Installing RethinkDB

I won’t go into the actual installation steps here too much, because there are already great instructions on the RethinkDB site. Basically, once you have a Digital Ocean (or any other) Linux VPS set up, you simply need to get root console access and follow the step by step instructions on the RethinkDB site to get up and running. It is really easy, which is one of the reasons I went with this database for this project.

Once you have installed and started the RethinkDB server, you can access the control panel by going to

http://<your VPS IP Address>:8081

Tip: I would secure this management portal behind a reverse proxy, and set and admin password so that random people on the internet who figure out your RethinkDB server can’t just log in and manipulate your data. Once again, excellent instructions for doing so are on their site. I highly recommend that you do this before carrying on, but if time is short, you can continue with the instructions in this post and come back to this later.

Setting Up The Data Tables

There are a couple of ways you can do this, via code, or manually do it in the management console. I am going to do it in the console because it is really a ‘once off’ exercise, and saves a few lines of code which may confuse people later.

In the management console click on the ‘Tables’ menu along the top, then click on ‘+ Add Database’. give the database a name. I will call it hn_data for Hacker News data, but you can call it anything you want (as long as you remember it for later in the code).

Once you have created the empty database, click on ‘+ Add Table’ several times and create three tables, called:

hn_feed — this will contain the actual feed of articles and comments.

hn_lists — this will contain the latest lists of ‘top stories’, ‘best stories’, ‘ask HN’, ‘jobs’ etc. stories from Hacker News.

hn_users — this will contain the user profiles that are read from Hacker News.

No need to populate these tables with data now — we can do this with pure code, in a future step.

Creating A RethinkDB User

Before we go much further, we need to create a unique user for RethinkDB which will have read/write access to this database we just created. This is the user we will be invoking from the Node.js app later to push the Hacker News data into our database.

It is a good idea NOT to use the default admin user for this, but instead create a new user which ONLY has access to this database. That way, if the username is compromised, you can easily change their password to re-secure your feed again.

To create a user, we can use a ReQL query from right within the RethinkDB console.
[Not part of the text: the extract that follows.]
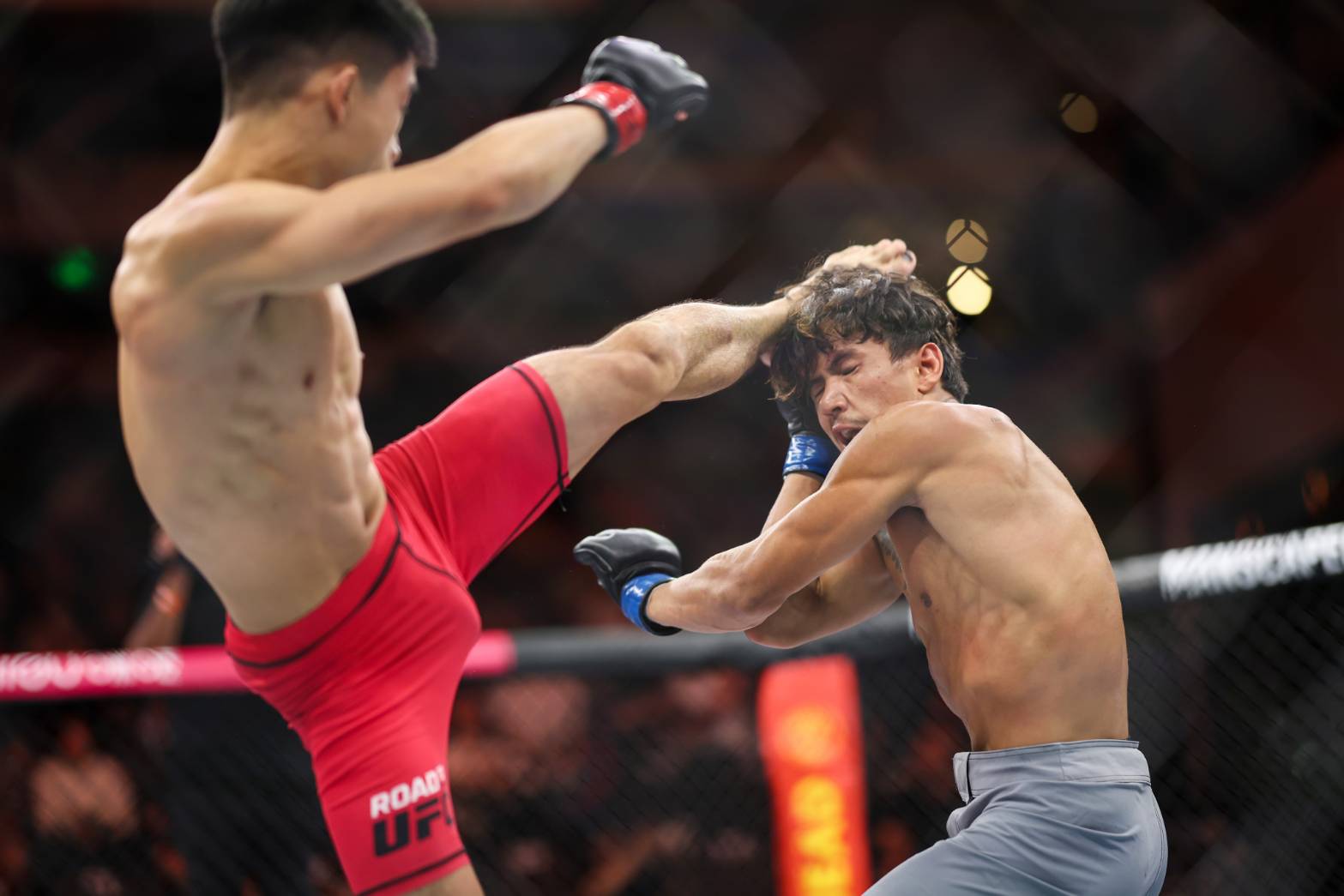 "ปีเตอร์ ดาเนสโซ่" ดวลนักสู้มองโกล ล้างแค้นให้ท็อปน้อย ศึก ROAD TO UFC Season 2 ที่สิงคโปร์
Click on the ‘Data Explorer’ menu option along the top, and enter in the following ReQL command:

r.db('rethinkdb').table('users').insert({id: 'hnfeeder', password: 'verysecretpassword'})

Don’t forget to hit ‘Run’ to execute this command after you type it in. And don’t forget to replace the id and password with your ones of your own choosing (and remember them for later).

Next, we want to give this new user full read/write permissions into the hn_data table that we just created, with the following ReQL command:

r.db('hn_data').grant('hnfeeder', {read: true, write: true, config: true});

Don’t forget to hit ‘Run’ again. Now your user hnfeeder has read, write and config rights in the database. Config rights basically means the ability to create new tables etc., so you can actually leave that as false for now because we won’t be doing anything like that at the moment via the app.

That is basically it for the database console at this point.

Installing Node.js

Digital Ocean actually have some great instructions on installing Node.js on Ubuntu in this article. Follow it step by step for best results, and then come back to this post.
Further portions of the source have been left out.